Research Spotlight: Cox study finds mortgage default minimal for Habitat homeowners

Stock photo of foreclosure signsAt a time when most lenders are overwhelmed by crushing caseloads of delinquent home loans and foreclosures, Habitat for Humanity International is telling a different story.

Habitat for Humanity is the Americus, Georgia-based nonprofit company that builds thousands of homes for lower-income Americans each year. Habitat also originates mortgages on the homes and, in most cases, holds the loans on its books. In 2010, it ranked as the one of the nation’s largest builders, constructing nearly 4,600 new homes nationwide. The group also fixed up and resold more than 1,400 homes.

Most of Habitat’s borrowers have household incomes below their area’s median income – a population often at risk for foreclosure. Yet Habitat says foreclosures are minimal.

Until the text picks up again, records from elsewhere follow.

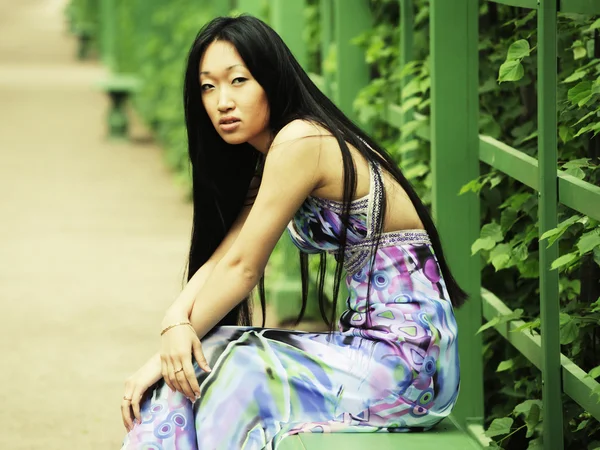 Aziatische vrouw zitten op de parkbank — Stockfoto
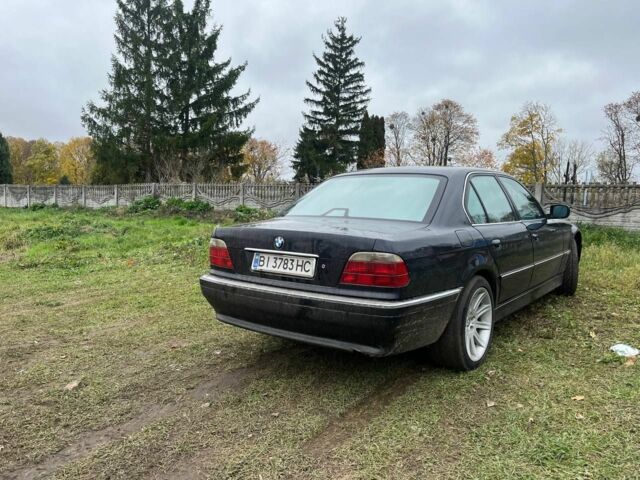 Синий БМВ 7 Серия, объемом двигателя 3 л и пробегом 500 тыс. км за 3400 $, фото 1 на Automoto.ua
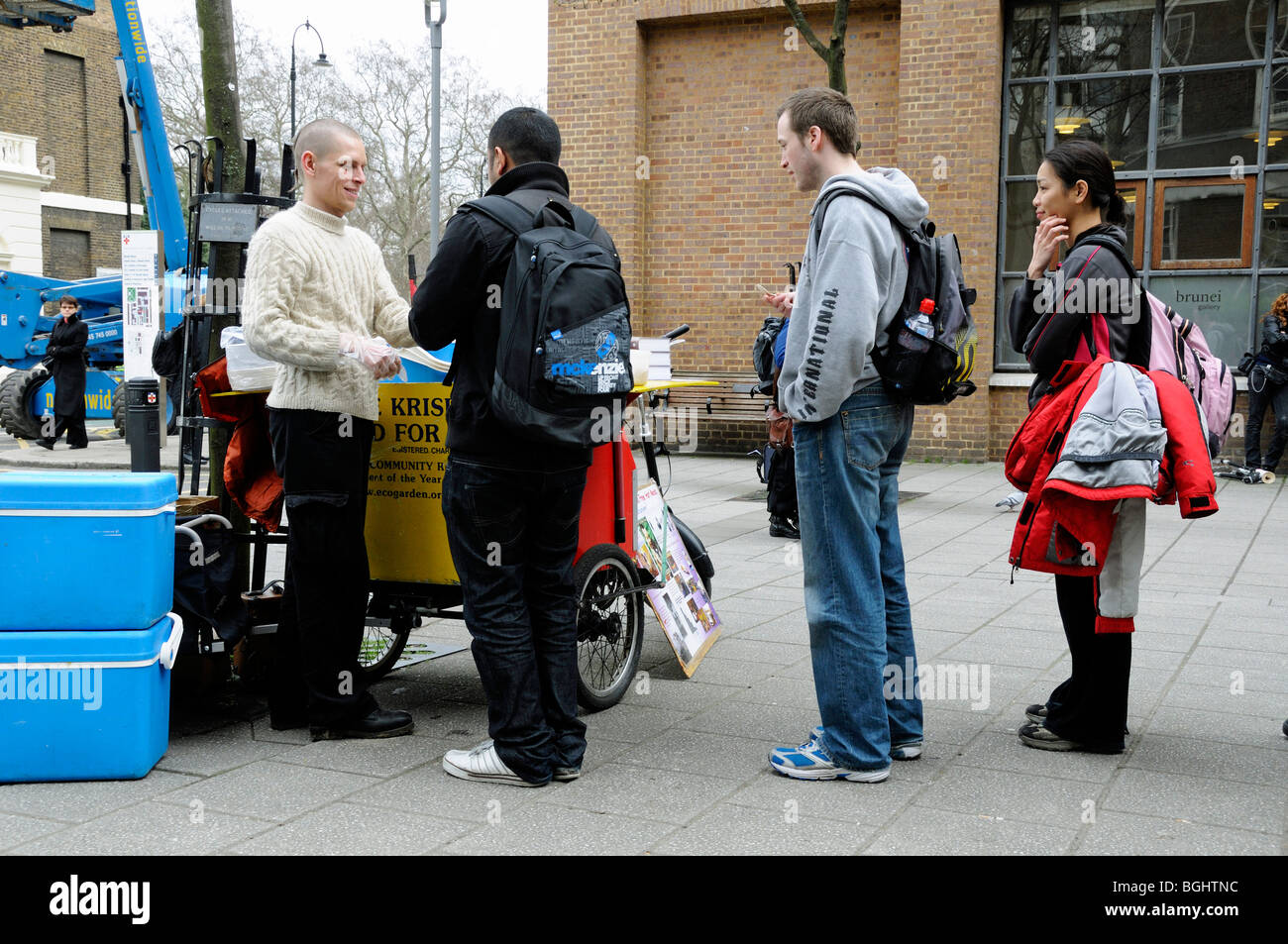 Man from the Hare Krishna Movement serving free food London England UK Stock Photo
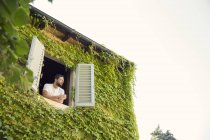 Man looking out from window of overgrown house — Stock Photo
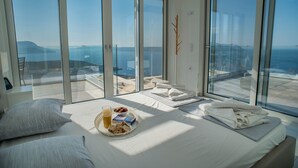 Un dormitorio con una cama grande, una bandeja de desayuno y vista al mar a través de ventanales del piso al techo.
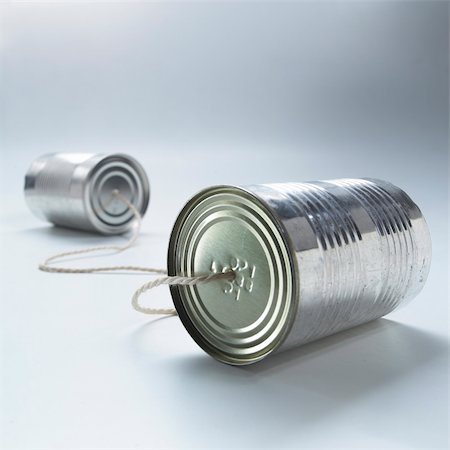two tin cans connected by a piece of string Stock Photo - Budget Royalty-Free & Subscription, Code: 400-04062845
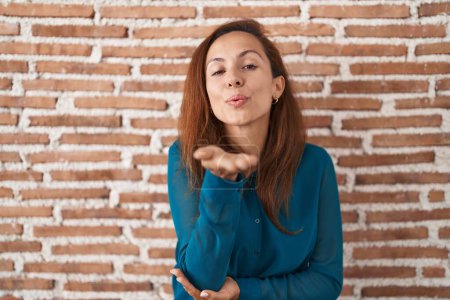 Photo for Brunette woman standing over bricks wall looking at the camera blowing a kiss with hand on air being lovely and sexy. love expression. - Royalty Free Image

A recent study led by SMU’s Cox School of Business, which was commissioned by the Dallas branch of Habitat, found that foreclosures in Habitat’s Dallas market were less than 2% last year. Although the report only looked at the Dallas office of Habitat, the findings mirror those found in other Habitat offices across the country, the organization says.

As politicians and economists disagree on whether and to what degree lower-income Americans should be encouraged to own homes – some even blame lenders’ outreach to lower-income borrowers for the housing collapse – the case of Habitat indicates these borrowers can receive mortgages without high default levels.